Recently I was meeting with my children and outlining
the structure of our summer schedule. My 12 year old
daughter, our second child, was visibly disgruntled
about something during our meeting. I met with her
afterwards and we had an enlightening, heart-to-heart
talk. She expressed a lot of disjointed frustrations
until we hit on the real issue. She wanted very much
to have the same privilege to study as her older, 15
year old brother. I was surprised by this because she
already spends so many hours of her day reading,
writing, painting, gardening, cooking etc. and I try
very hard not to interrupt her activities. What she
wanted was to be recognized as a scholar and given
the privileges and responsibilities that go with it.
When I asked her what phase she sees herself in, she
determinedly, and with a hint of an excited smile, told
me she is a scholar. She asked if she could go to her
room and write out her summer study plan and then
show it to me. I, of course, encouraged her to do so.
Later, as I passed her closed bedroom door, I noticed
a newly posted sign that read: “Leader in progress.
Please do not disturb.” A few hours passed and I
received her written study plan in my “mail box.” She
started by saying, “Mom, you and I think differently.”
I wanted to cheer. I must be doing something right!
I am so glad that we do think differently and that she
still owns and courageously uses her ability to think
independently. I am glad this has not been squelched
right out of her and I love and appreciate (most of
the time) how we do think differently. The whole
experience took me so much by surprise. She is now
a RECOGNIZED scholar in our home.
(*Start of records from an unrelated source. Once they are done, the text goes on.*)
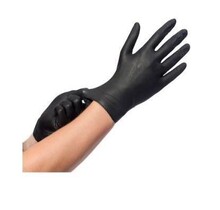 Gloves nitrile unpowdered at 100 pcs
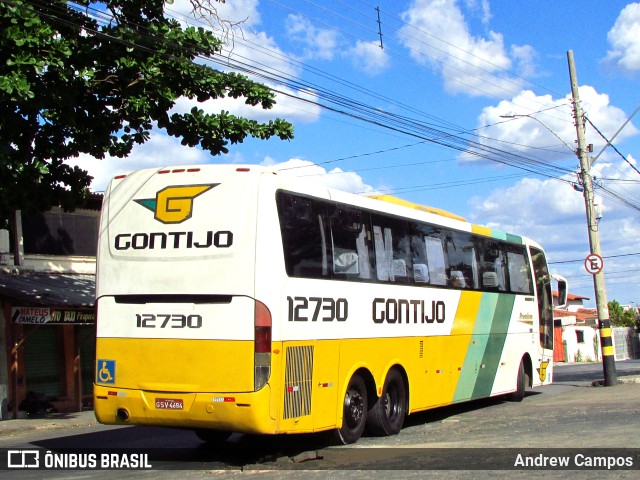 Empresa Gontijo de Transportes 12730 na cidade de Pirapora, Minas Gerais, Brasil, por Andrew Campos. Número da foto: #11547586.
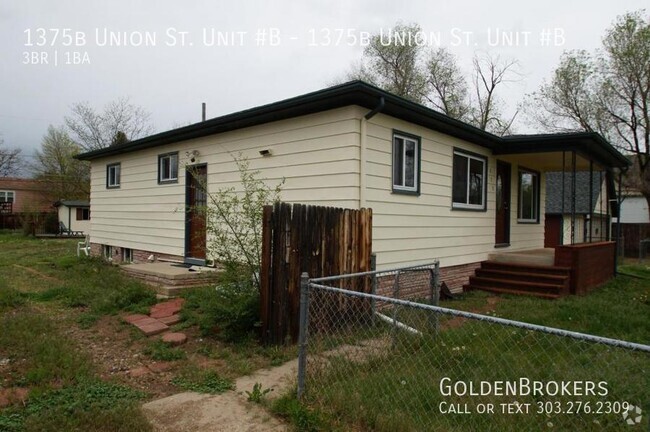 Building Photo - 1375 Union St Unit 1375b Union St.  #B Rental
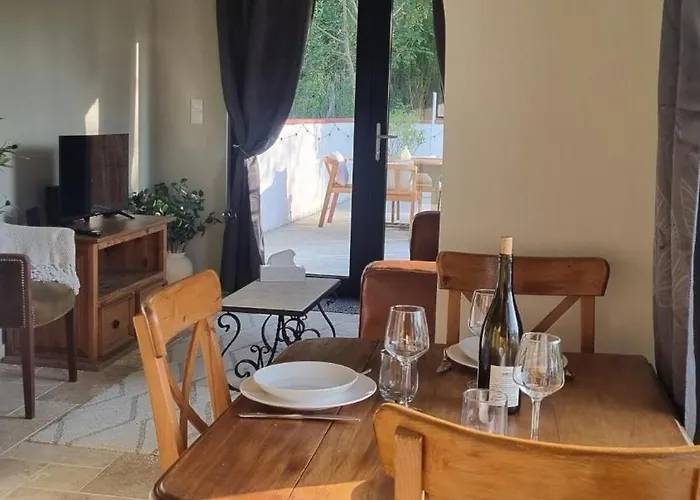 Chez Gigi, Maisonnette Confort Avec Terasse Hébergement de vacances *
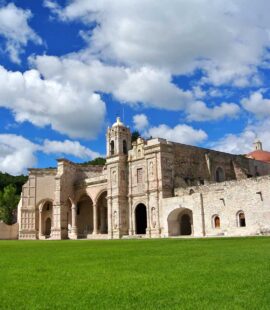 Magic Towns in Oaxaca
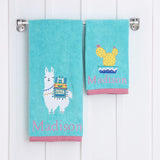 Llama Love Towel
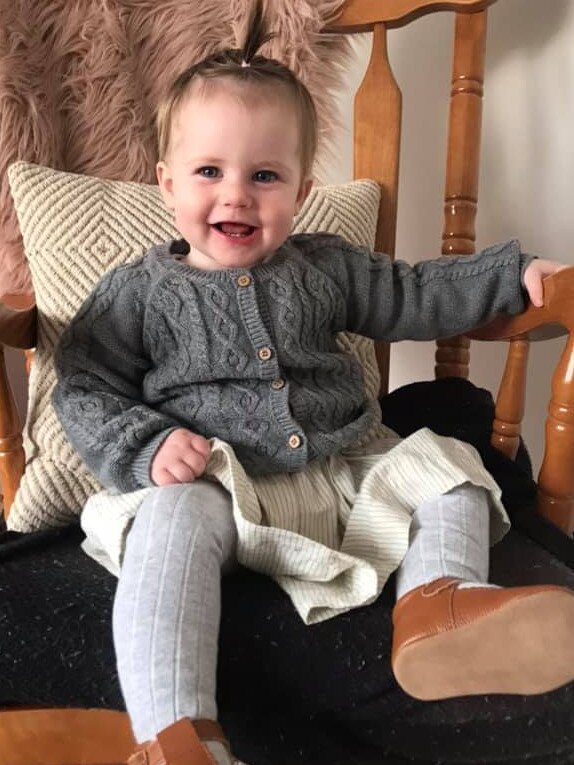 Tassie's Cheekiest Bubs 2020 | Eleanor Blackwell (just shy of 13 months) This little lady is very cheeky and makes us love her more and more each day, she has a big heart. Photo: Jade Blackwell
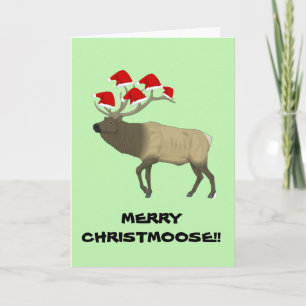 Carte Xmas 'Joyeux Noël' personnalisable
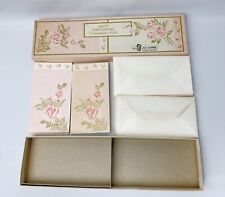 Vintage Rose Parchment Correspondence Notes An Art Linkletter Favorite 12 Cards picture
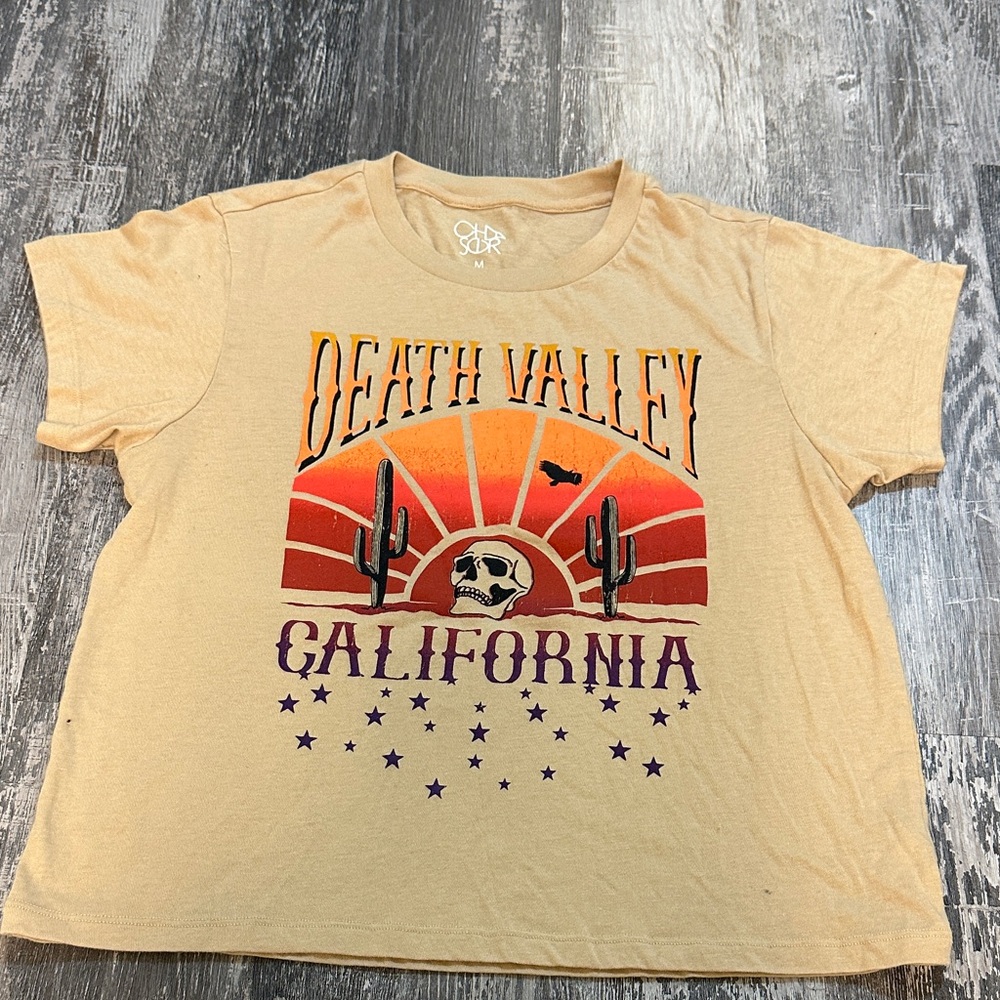 Chaser brand Death Valley T shirt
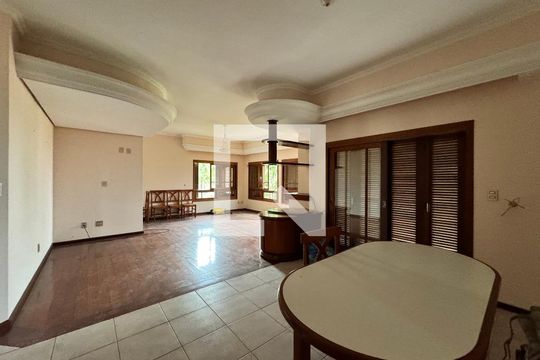sala de casa à venda com 3 quartos, 240m² em Jardim America, São Leopoldo
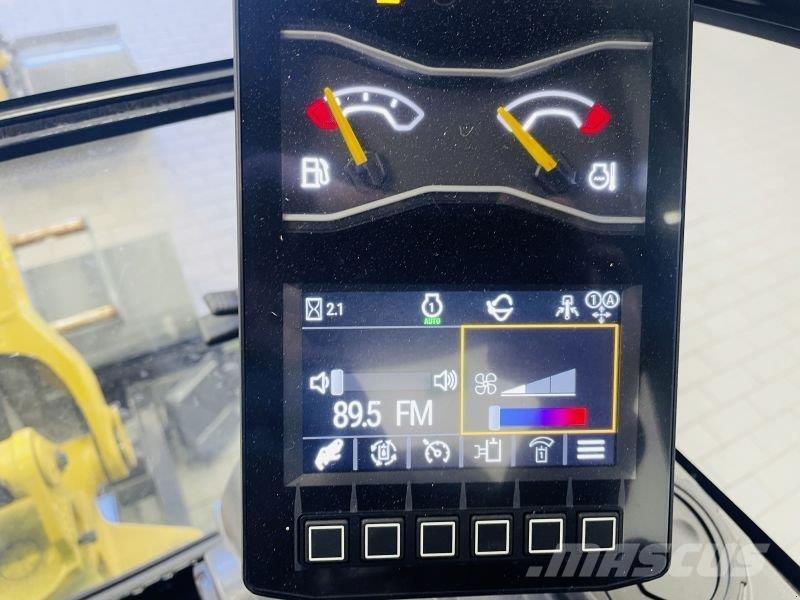 CAT 301.8-05A Ekskavatori uz riteņiem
She has a
family stewardship and she studies with a great deal
of vigor and even direction. Really I don’t see a lot
of difference in what she was doing before and what
she is doing now. The biggest difference is in how she
is regarded and treated in our home and this is very
important to her. She now has a responsibility and
stewardship and is accountable to me on a daily basis
for these. She also has the privilege of structuring her
own study time and the assurance that if she acts the
part of a scholar, I will not disturb her study time.
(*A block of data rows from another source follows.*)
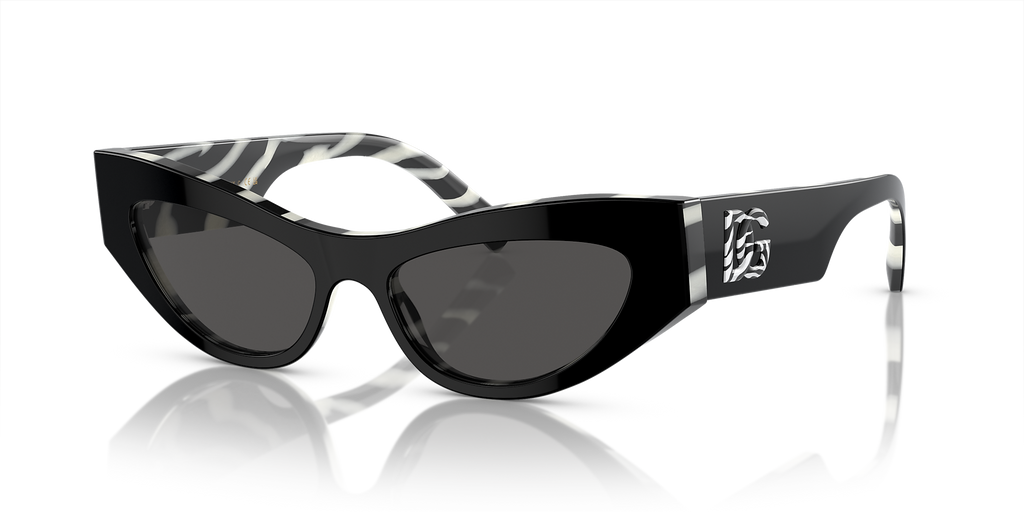 Black On Zebra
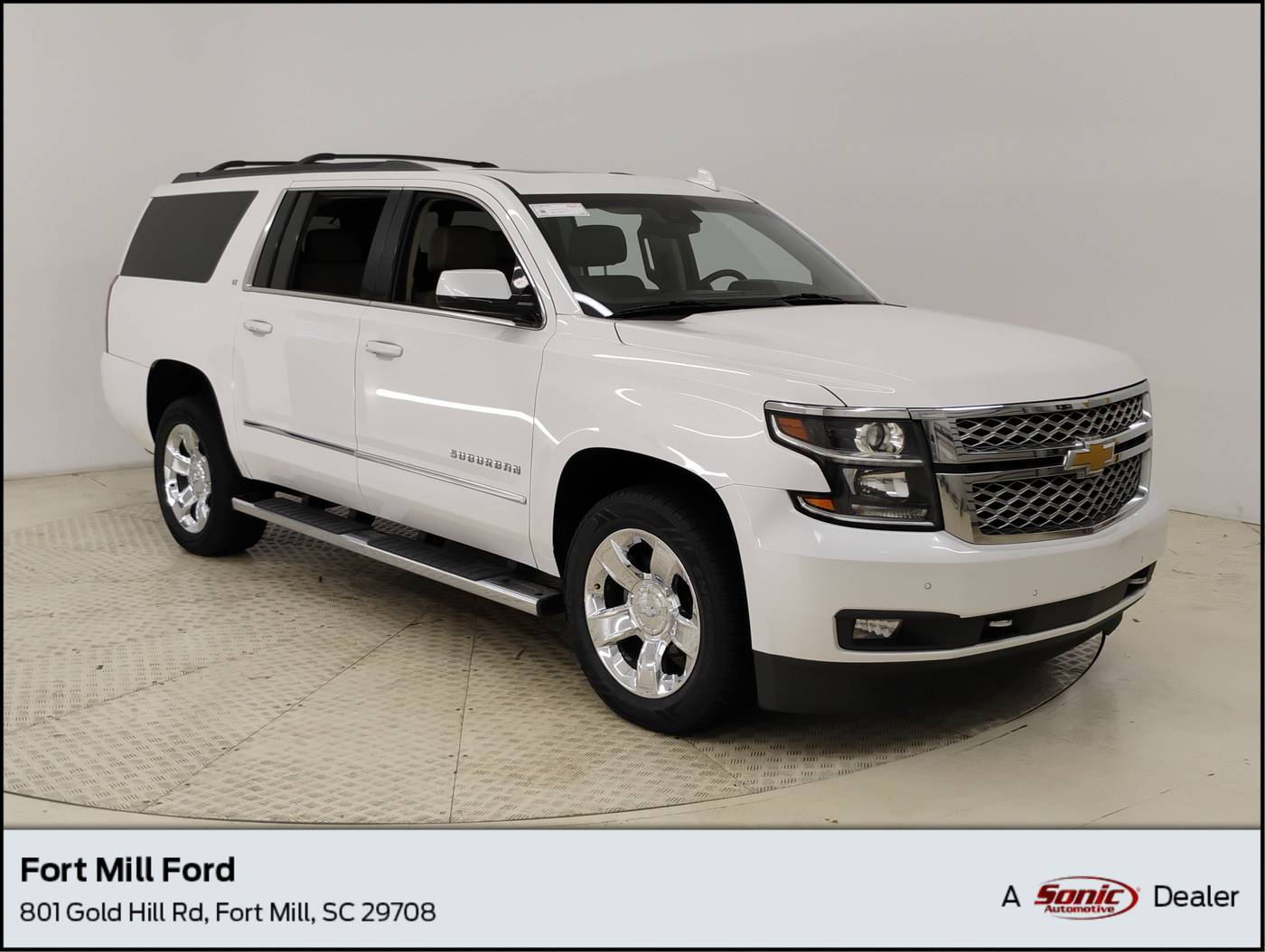2019 Chevrolet Suburban LT — SUV — 109,761 mi — Fort Mill, SC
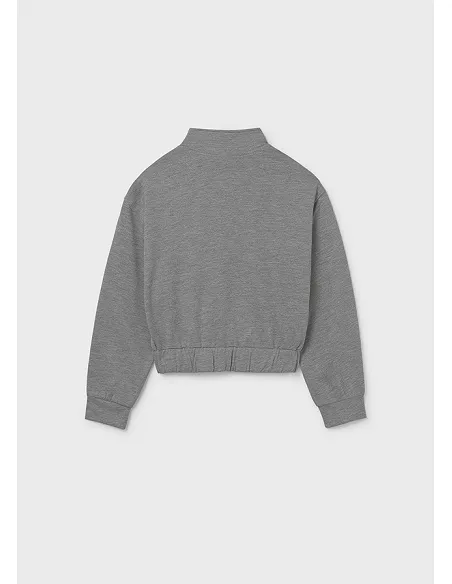 Pullover cremallera - Acero vig  | MAYORAL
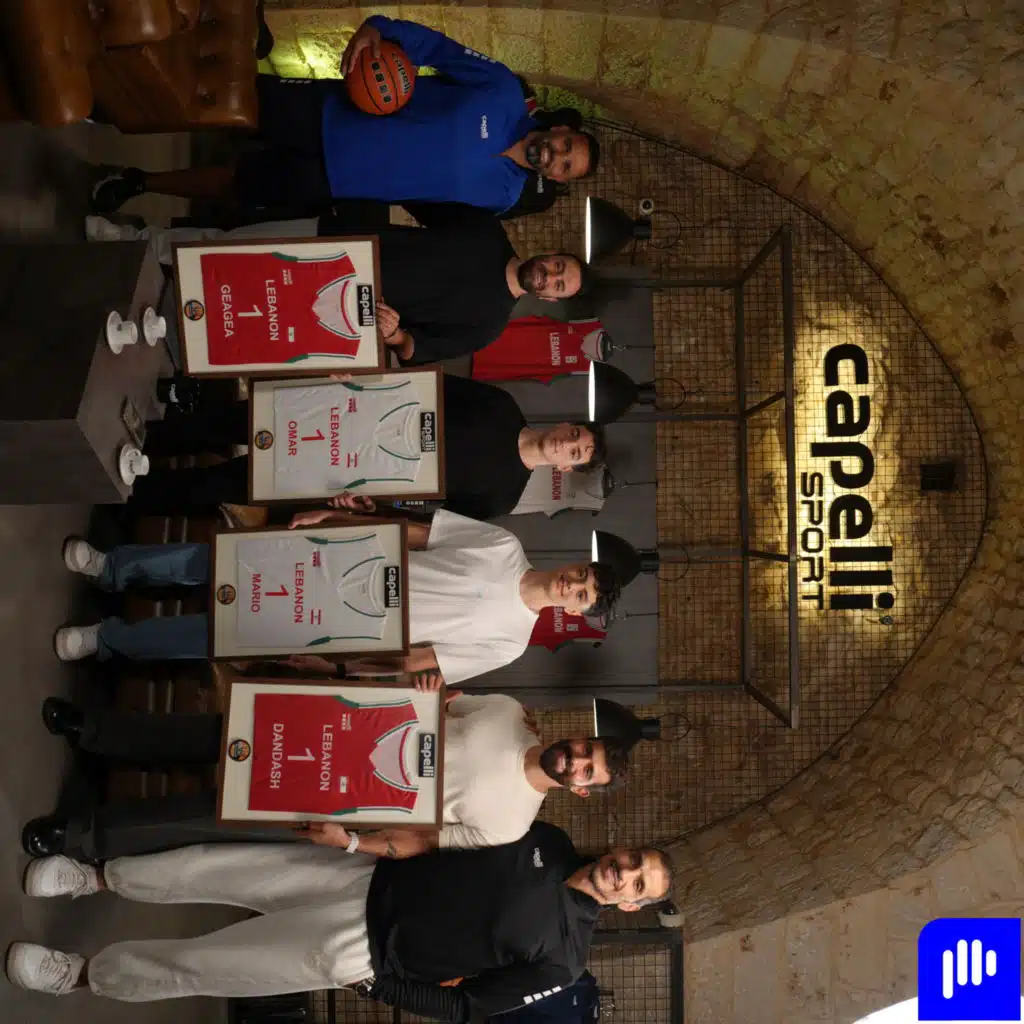 Episode 5 Season 2 George Geagea, Hassan Dandash, Mario Sawaya and Omar Soubra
Though my daughter’s sign said, “Leader in progress,
please do not disturb,” she wants and needs me to be
involved. Her sign did not say, “Please ignore.” What
she wants is the space to grow and the opportunity
to develop her self-leadership skills. What she needs
is the uninterrupted time and space in which to dig
deeply into her studies. Yet she wants and needs my
involvement. There are leaders in your homes as well
as mine. How can we be involved without disturbing
our “leaders in progress”?
Let me offer three suggestions that have guided my
involvement with the scholars in my home. The first
has to do with the structure of our time. As my six
children have gotten older, and I find myself balancing
the needs of youth as well as toddlers, it has become
increasingly important to have a method to our
madness. We have a daily time structure that supports
who we are and what we are working to accomplish.
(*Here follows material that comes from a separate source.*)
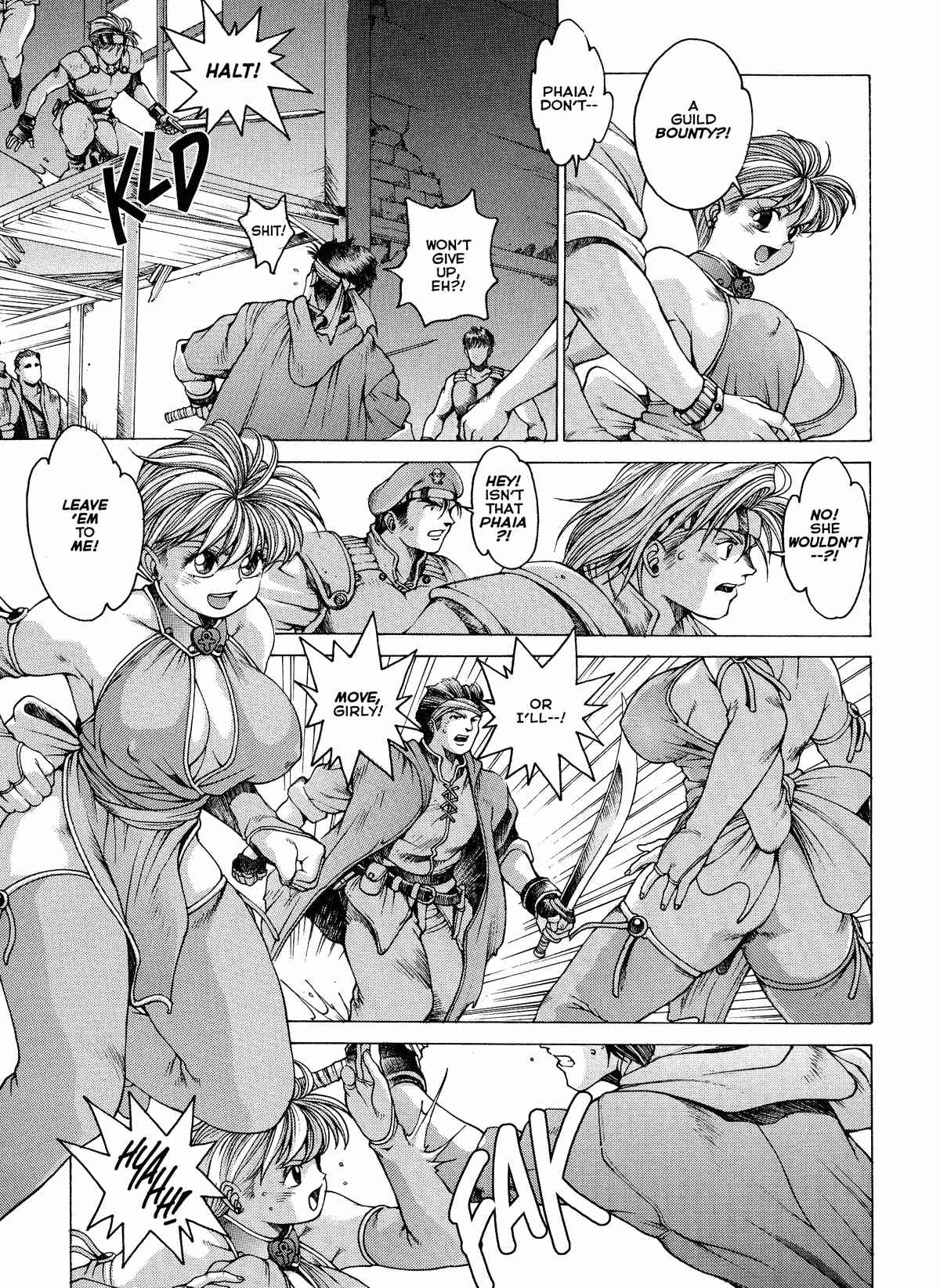 Spunky Knight XXX Volumes 1-7 Page 8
Woven into that structure are the family activities
we feel are essential to our purpose and growth. We
have a time for family scriptures and prayer, a time
for work, a time for family reading, a time to unwind,
ponder and connect with one another, and especially a
good-sized chunk of uninterrupted time for individual
study/projects/play. (I should qualify the word
uninterrupted. It bests describes this time for my
children and hints at the adjective I wish described my
personal study time.) We are fairly consistent with
this structure though we may not follow it exactly
every day of the week. We are consistent enough that
the children notice when something is missing and
consistent enough to make it possible and very fun to
bag the structure for a day or two opting for activities
out of the ordinary.
This structure has made transition into scholar phase
a natural process for two reasons. First, it gives the
love of learners plenty of time to get involved in their
projects, books, and study. This leads them to develop
interests and passions that other wise could not grow.
These interests and passions are the spring boards
into scholar phase and give pretty good hints about
personal mission. My daughter has often chosen
to paint during this chunk of uninterrupted time.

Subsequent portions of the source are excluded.